PickleTensor vs SafeTensor
If you're having issues with the base TI trainer giving you Pickles and wanting SafeTensor for easier posting on Civit (or other sites) SwarmUI has a built in converter. I've been using it to convert mine while encoding them as fp16 models to save space.
My Regular Mistakes
I have a few that I seem to make on a regular basis. Things to watch for so you don't get frustrated:
Forgetting to swap from the models I use to generate images normally to a base model when training.
I do this a lot... version 1 of Katie McGrath was one of these and for one step would only generate a picture of broken concrete with hair.
Forgetting to change both the name of the embedding and data set path.
Throws my whole day off when I get part way through and realize I just trained 10 models with the wrong names/triggers...
Forgetting to caption/number/crop the images in a data set.
Despite what others have said, training without captions has never worked for me.
If you are hand captioning, be sure to separate tokens with a "," or another separator.
Version 1 of Haley Reed failed due to me forgetting to do this and would overpower my background and clothing prompts with whatever was in the data set.
Training a new model with an old trigger.
I'm just lucky I keep a backup folder.
Summary
So you read all that and are ready for the basic version:
Follow Jernau's guide here in the comments for the basic settings (which boxes to have checked on the training page)
Gradient Accumulation Steps = Batch Size * Number of Images in the Data Set
Other methods are equally viable, play around to get the results you want.
Learning Rate = Something between 0.001 and 0.004 depending on the quality of the data set
Initial Token Size = I like 8, others 10 and 12, experiment with what gets you the look you're after.
For the love of all of our sanity, name it something other than a person's name...
If that name exists in the checkpoint, it will throw things off (i.e.

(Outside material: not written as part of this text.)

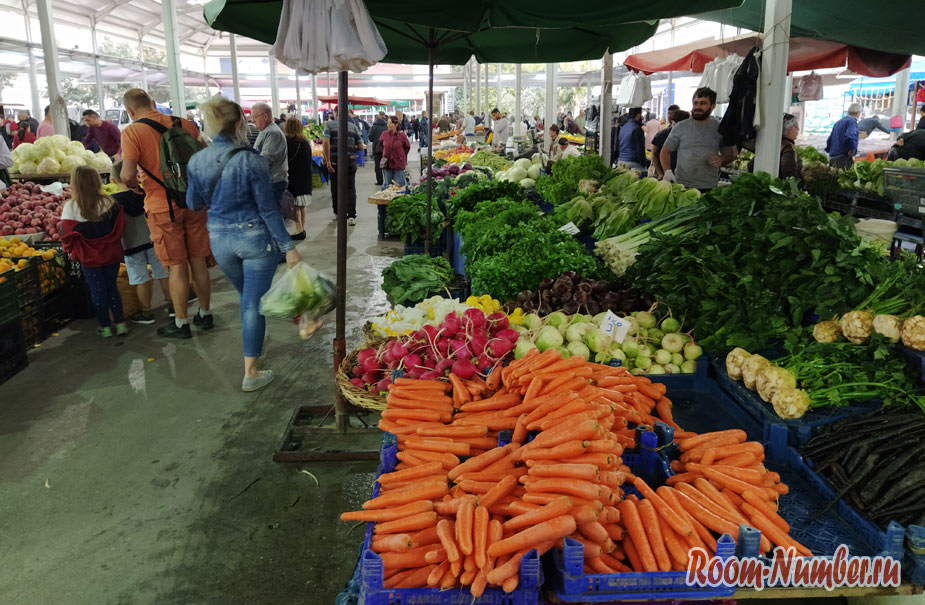 Очень дешевый рынок в Алании в районе пляжа Клеопатры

Elizabeth Olsen is trained into almost every checkpoint I've tried and if you name your TI "Elizabeth Olsen" it causes problems.)
Triggers should be something that won't be in the checkpoint like El1Ols3nSc4rW1tch (not that I would ever do something that would piss off the Rodent Empire who owns the rights to that character...)

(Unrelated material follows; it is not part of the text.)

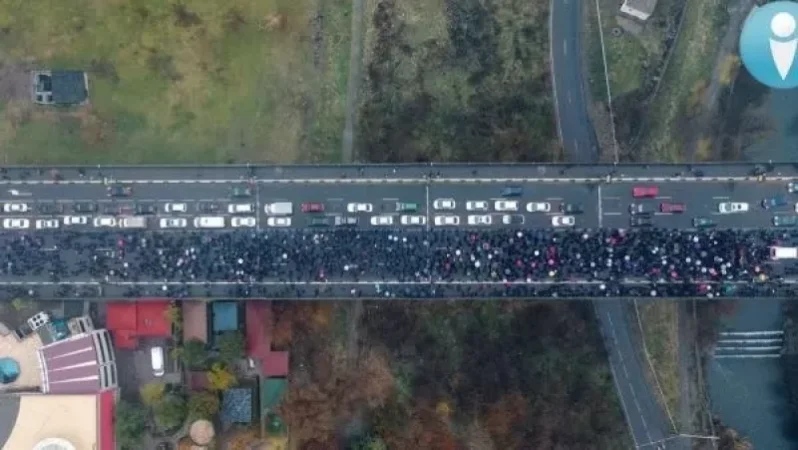 ժամը 17:40-ին ընդդիմության երթին մասնակցել է 1700 մարդ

Have fun and realize this is art, sometimes it won't be 100% perfect to everyone's eyes, but if it achieves the look you were going for it works.
Examples of the Differences
This whole article happened when I decided to update one of my most popular and earliest models with the new training style. I was prepping the data and realized it would be fun to see how she turned out under each of the major changes I've done to my training style. All of these use the same 15 image set, but the captions and training settings differ.

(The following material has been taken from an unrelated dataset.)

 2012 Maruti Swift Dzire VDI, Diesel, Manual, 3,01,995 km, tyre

Christy White Version 1.0 and 1.5 were both done with the original training style influenced heavily by Jernau. It was trained with a Learning Rate of 0.004, Batch Size of 3, and Gradient Accumulation Steps of 15. Being totally honest, while it looks like her it isn't the best re-production. I haven't been happy with it since I put it out.
Christy White Version 2 uses the same settings, but swaps the caption files out for the WD-14 captions with my edits.
Pretty similar to Versions 1 and 1.5
Christy White Version 3 uses the same captions, but it was trained with a Learning Rate of 0.003, Batch Size of 3, and Gradient Accumulation Steps of 45.
Change in face shape and, I feel, is a bit more accurate.
Christy White Version 4 uses the same captions and settings, but swaps from 512x512 images to 768x768.
This doubled the training time.
Unlike the other versions, tattoos appeared in many of the test generations.